Systems Architect Skill

Purpose

Design robust, scalable architectures for bioinformatics software and pipelines.

When to Use This Skill

Use this skill when you need to:

Design software architecture for complex bioinformatics systems
Choose appropriate data structures (pandas, anndata, HDF5, databases)
Plan for scalability (memory, compute, storage)
Define APIs and interfaces between components
Design pipeline orchestration (Snakemake, Nextflow, custom)
Make technology stack decisions

Workflow Integration

Pattern: Requirements → Architecture Design → Implementation Spec

Biologist Commentator validates requirements ↓ Systems Architect designs architecture ↓ Produces technical specification ↓ Software Developer implements from spec

Core Responsibilities

System Design

Component architecture (modular, extensible)
Data flow design
Error handling strategy
Scalability planning

Technology Selection

Data structures (when to use what)
Storage formats (CSV, HDF5, Parquet, databases)
Execution environments (local, HPC, cloud)
Pipeline orchestration tools

Performance Planning

Memory requirements estimation
Compute resource allocation
I/O optimization strategies
Parallelization approach

Integration Strategy

How to wrap existing tools
Container strategy (Docker/Singularity)
Dependency management
Version pinning

Architecture Context Document

Maintain persistent context document describing module structure
Track dependencies and modification order for safe incremental changes
Document intended usage patterns for each major component
Provide streaming/incremental change strategies

Architecture Context Document

The Architecture Context Document (.architecture/context.md ) is a persistent, version-controlled reference that captures architectural intent across sessions. Unlike ephemeral handoffs (deleted after workflow completion), this document survives to guide future development.

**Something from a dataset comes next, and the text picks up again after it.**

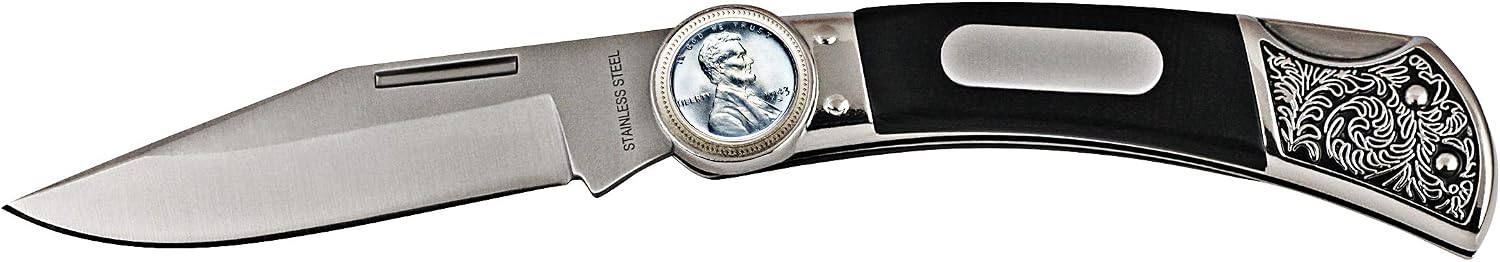 American Coin Treasures Coin Pocket Knife Lincoln Steel Penny | Genuine United States One Cent | Engravable Plate | Certificate of Authenticity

Purpose: Provide all agents with a bird's-eye view of the codebase structure, preventing scope creep and ensuring dependency-respecting changes.

Lifecycle:

Created: During Phase 3 (Architecture Design) of programming-pm workflow
Updated: When architectural changes occur (new modules, dependency changes, interface modifications)
Read: By senior-developer and junior-developer before starting implementation (pre-flight step)

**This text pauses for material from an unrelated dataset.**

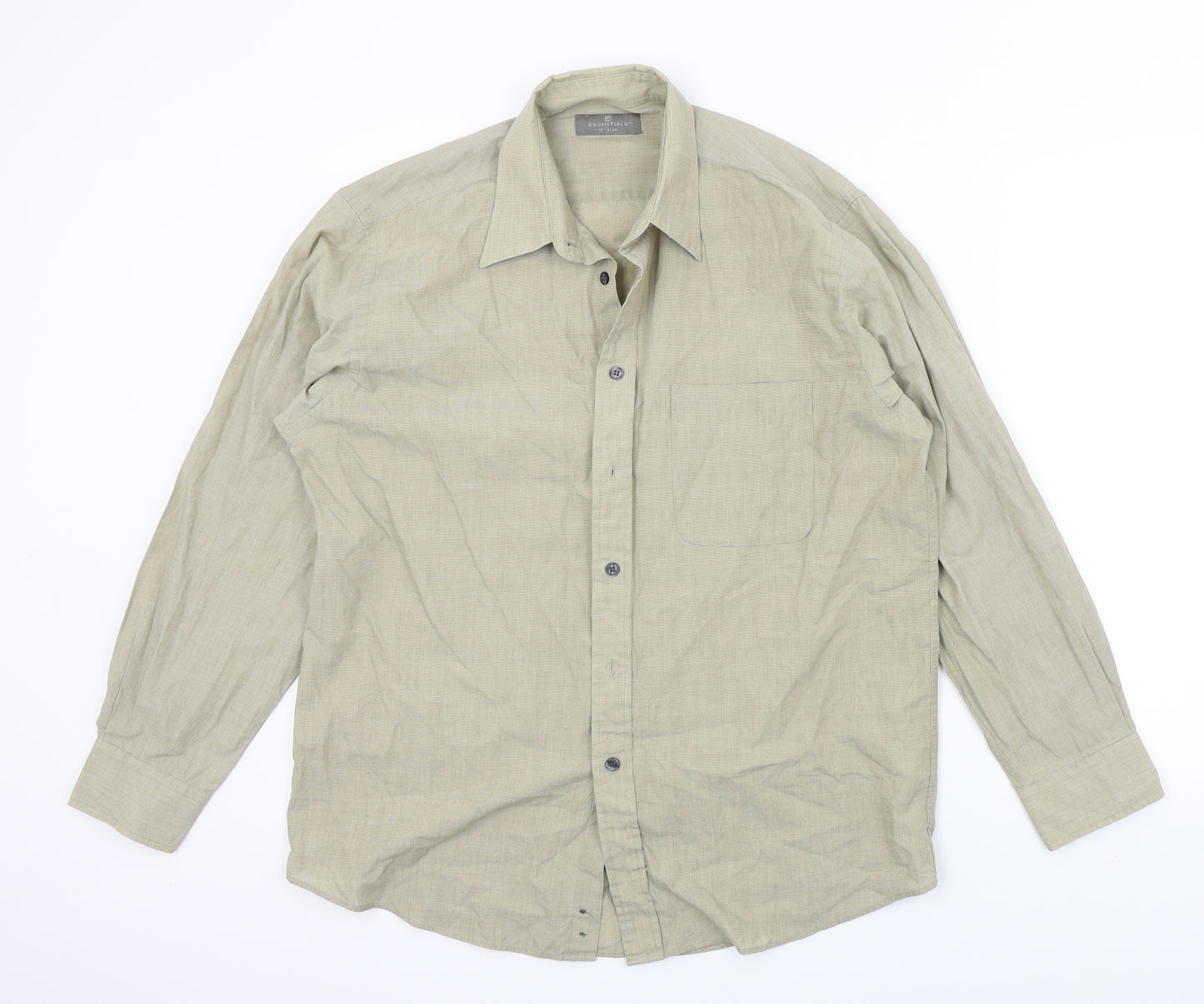 Essentials Mens Beige    Button-Up Size 16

Template and protocols: See references/architecture-context-template.md for:

Four-section template (Module Interconnections, Usage Patterns, Modification Order, Streaming Strategies)
Generation protocol (Phase 3, Bootstrap Mode for existing codebases, SIMPLE mode abbreviation)
Maintenance protocol (when to update, staleness detection, drift handling)
Merge conflict resolution

Bootstrap Mode

For existing codebases without an Architecture Context Document, systems-architect generates the document during Phase 3 using static analysis:

List modules/components from directory structure (src/ , modules/ )
Infer dependencies from import statements
Mark unknowns explicitly with [TBD] , [UNKNOWN] , or [INFERRED] tags
Document incomplete areas as "Known Gaps" at document end

Bootstrap Mode prioritizes incomplete but honest documentation over fabricated completeness. Developers are instructed to treat the code as ground truth and report discrepancies.

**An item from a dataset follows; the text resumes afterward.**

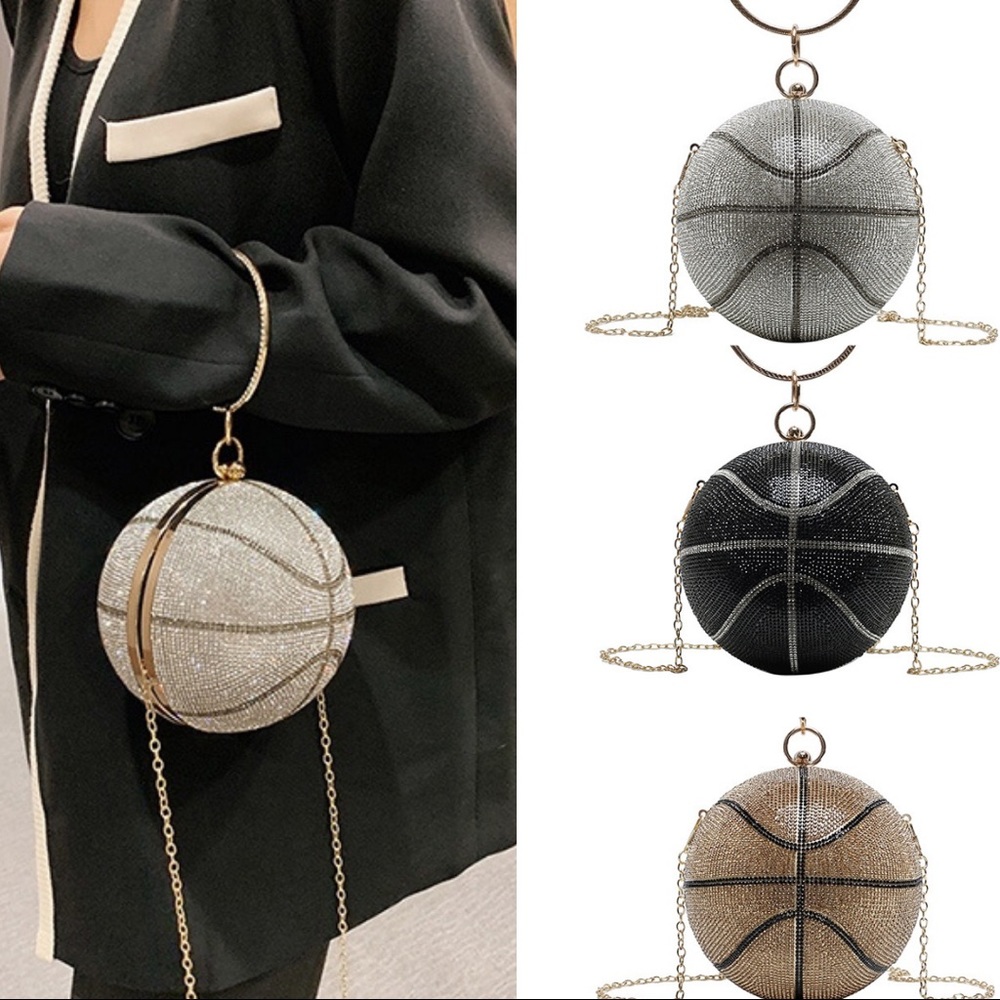 Rhinestone Basketball Purse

Standard Architecture Template

Use assets/architecture_template.md :

System Architecture: [Project Name]

Overview

[1-2 sentence system description]

Components

Data Flow

[Input] → [Processing] → [Output]

Technology Stack

Language: Python 3.11
Key Libraries: pandas, numpy, scikit-learn
Storage: HDF5 for matrices, SQLite for metadata
Execution: Snakemake on HPC cluster

Scalability

Dataset size: [Expected range]
Memory: [Requirements]
Compute: [CPU cores, time estimates]
Storage: [Space requirements]

Error Handling

[Strategy for failures, retries, logging]

Deployment

[Installation, configuration, execution]

Data Structure Selection Guide

See references/data_structure_guide.md for full details.

Quick Reference:

Use Case Structure When

Tabular data <1GB pandas DataFrame General analysis

Tabular data >1GB Dask DataFrame Out-of-core processing

Single-cell data AnnData scRNA-seq analysis

Large matrices HDF5 Persistent storage

Relational queries SQLite/PostgreSQL Complex joins

Genomic intervals BED/GFF files Standard interchange

Time series pandas with DatetimeIndex Temporal data

Scalability Considerations

Memory Estimation

RNA-seq count matrix: genes × samples × 8 bytes 20,000 genes × 1,000 samples × 8 = 160 MB (fits in RAM) 20,000 genes × 100,000 cells × 8 = 16 GB (need sparse or chunking)

Compute Planning

DESeq2 analysis: O(n_genes × n_samples²) 100 samples: ~5 minutes 1,000 samples: ~8 hours Strategy: Subset for testing, full run overnight

Storage Planning

FASTQ (compressed): 50-100 MB per million reads 50M reads = 5 GB 100 samples × 50M reads = 500 GB Strategy: Delete FASTQ after alignment, keep BAM

Integration Patterns

Wrapping External Tools

Pattern 1: Subprocess call

import subprocess result = subprocess.run( ['fastqc', input_file, '-o', output_dir], capture_output=True, check=True )

Pattern 2: Python binding (preferred if available)

import pysam bam = pysam.AlignmentFile(bam_file, 'rb')

Container Strategy

Dockerfile approach for reproducibility

FROM python:3.11-slim RUN pip install numpy pandas scikit-learn COPY pipeline.py /app/ ENTRYPOINT ["python", "/app/pipeline.py"]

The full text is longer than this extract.